> [Records to process]
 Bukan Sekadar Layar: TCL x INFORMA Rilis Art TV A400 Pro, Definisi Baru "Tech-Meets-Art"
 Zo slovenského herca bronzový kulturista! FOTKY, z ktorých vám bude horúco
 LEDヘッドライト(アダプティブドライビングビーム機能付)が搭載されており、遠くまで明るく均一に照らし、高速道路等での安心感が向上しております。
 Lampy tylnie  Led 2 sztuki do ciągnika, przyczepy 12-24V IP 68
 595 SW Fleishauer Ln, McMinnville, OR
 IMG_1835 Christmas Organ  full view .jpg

...

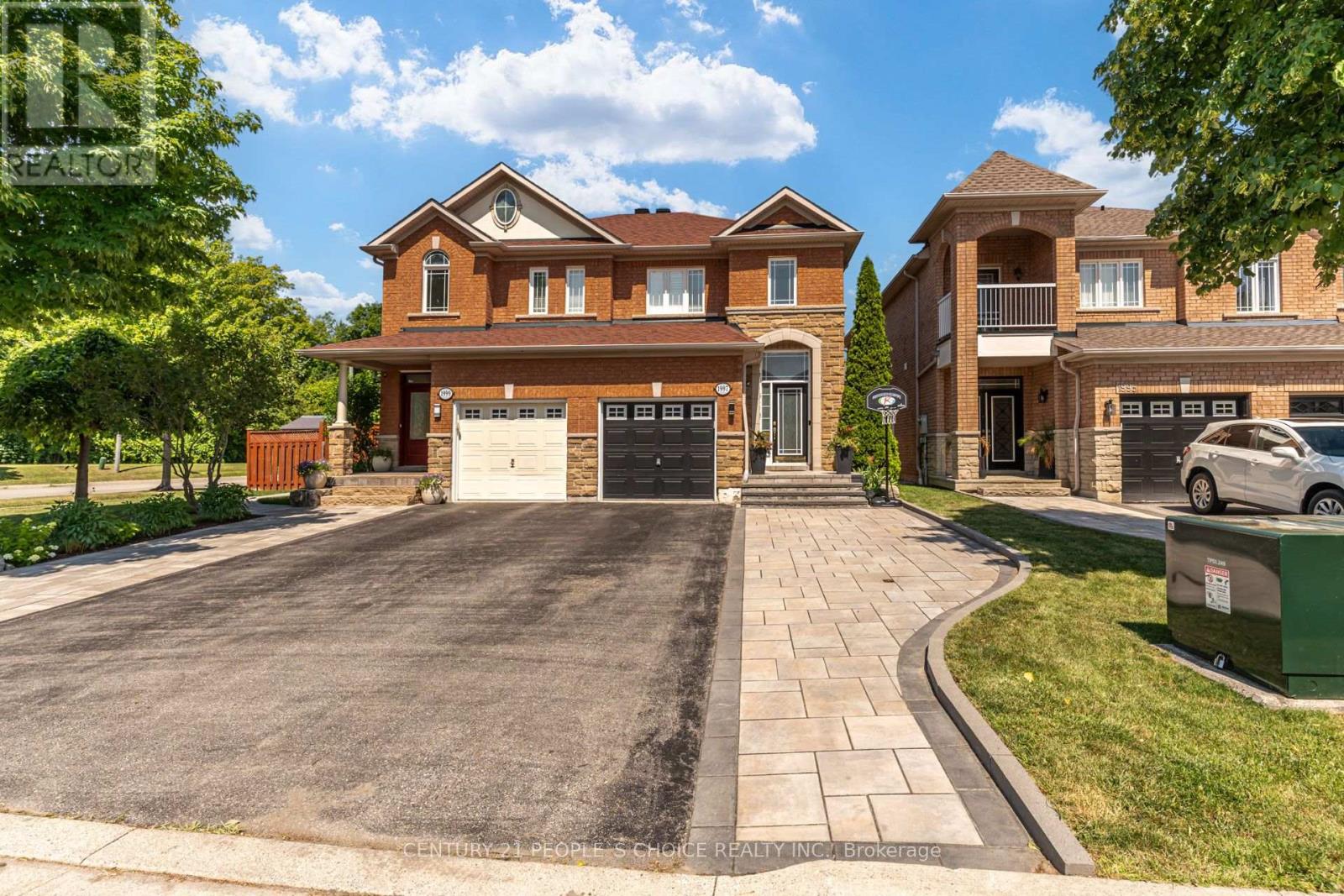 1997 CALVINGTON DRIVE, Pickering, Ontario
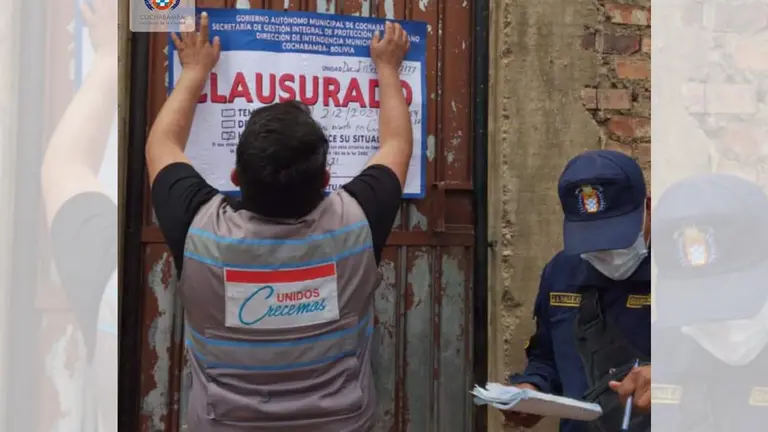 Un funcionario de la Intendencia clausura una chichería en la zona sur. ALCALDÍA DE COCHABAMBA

> [What to do]
Please reproduce exactly the lines in the listing above from the one containing "Bukan Sekadar Layar: TCL" through the one containing "IMG_1835 Christmas Organ", both included, and nothing more.

> [Response to this exercise]
 Bukan Sekadar Layar: TCL x INFORMA Rilis Art TV A400 Pro, Definisi Baru "Tech-Meets-Art"
 Zo slovenského herca bronzový kulturista! FOTKY, z ktorých vám bude horúco
 LEDヘッドライト(アダプティブドライビングビーム機能付)が搭載されており、遠くまで明るく均一に照らし、高速道路等での安心感が向上しております。
 Lampy tylnie  Led 2 sztuki do ciągnika, przyczepy 12-24V IP 68
 595 SW Fleishauer Ln, McMinnville, OR
 IMG_1835 Christmas Organ  full view .jpg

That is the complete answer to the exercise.